Selva Freigedo – Gowdie Family Wealth (AUS)
My friend, a successful businessman, and his wife decided to divorce after 15 years of marriage.
They kept their separation amicable for the sake of their two children. Yet my friend’s desire to maintain the same living standards for two separate households took a toll on their finances.
Unfortunately, they were living in Spain, during the worst financial crisis the country had ever endured.
The dream home they had purchased during the property bubble had decreased in value by 45%.
Business had slowed.
In addition to relying on his wife’s income to afford the mortgage payments, my friend could only sell the property at a loss. The mortgage payments had become a burden.
Soon it became clear they could not afford basic necessities for both households if they were to keep their children in private school.

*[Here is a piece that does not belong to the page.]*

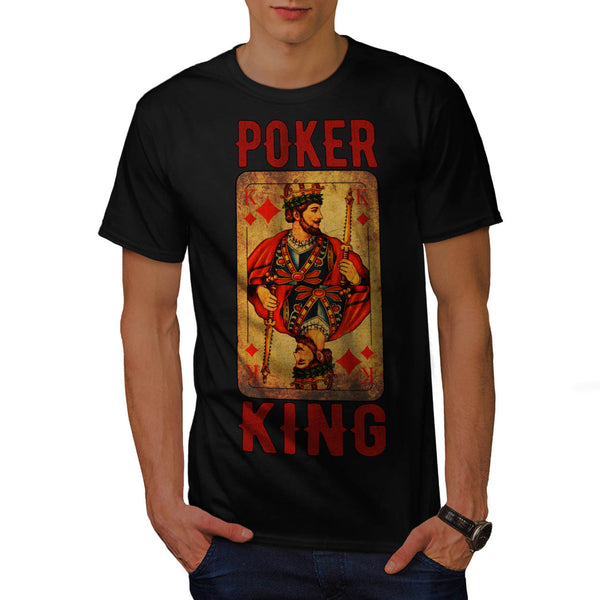 Poker Diamond King Mens T-Shirt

The truth is, they couldn’t afford a divorce while keeping their standard of living intact.
And they were not alone.
During that time, the fall in property prices and the rise in unemployment made many couples rethink their divorce plans due to their financial obligations. The phrase ‘I would divorce if I could’ became common.
As the following graph shows, the number of divorces in Spain (green line) dropped during the financial crisis.

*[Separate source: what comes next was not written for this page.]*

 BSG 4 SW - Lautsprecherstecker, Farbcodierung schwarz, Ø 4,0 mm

Source: Spain’s National Statistical Institute (INE)
Click to enlarge
The graph shows a drastic change from 2005, when divorces had become commonplace.

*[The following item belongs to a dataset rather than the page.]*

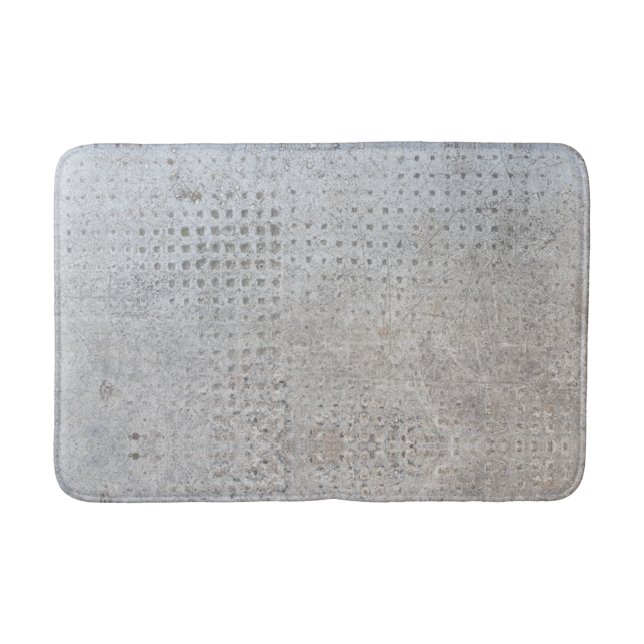 Cool Simple & Quirky Funny Realistic Grey Concrete Bath Mat (Front)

Before 2005, divorces were lengthy processes. They required at least a two-year separation and a valid reason — like infidelity or alcoholism.
Trying to relieve the divorce court backlog, the government passed the ‘divorce express’ law. Divorces became a three month no-questions-asked affair.
Yet by 2009, divorces had dropped 27% since the 2006 high. Couples were waiting out the recession, as they couldn’t afford the increased expenses.
In Australia, 35% of marriages are likely to end in divorce. Half of those divorces involve children.
Divorce can be a painful and emotional experience, but it can also have a devastating financial impact. And at an emotional time, finances can take a low priority.
According to a NATSEM (National Centre for Social and Economic Modelling) report titled ‘For Richer, For Poorer: Divorce in Australia’, it can take a minimum of five years to recover your initial financial position following a divorce.
A divorce can decimate your savings, your assets and your superannuation. It can also threaten your ability to get back into home ownership and give your children the education you want.
The wealth accumulated during the marriage will have to be split between the two spouses. In addition to that, any existing income strategies must now sustain two households, or be altered to cater for the new arrangement.
It is not surprising, then, that living standards take a hit during and after a divorce. According to Utah State University research, individuals divorcing would need more than a 30% increase in income, on average, to maintain the same standard of living they had before the divorce.
For Australians, divorce usually happens later in life. The median is 45.3 years for men and 42.7 for women. Smack bang in the middle of raising kids and the prime years of wealth accumulation.
Women are usually the most affected. This is mostly due to the fact that children tend to stay with the mother after the divorce, as well as the gender pay gap.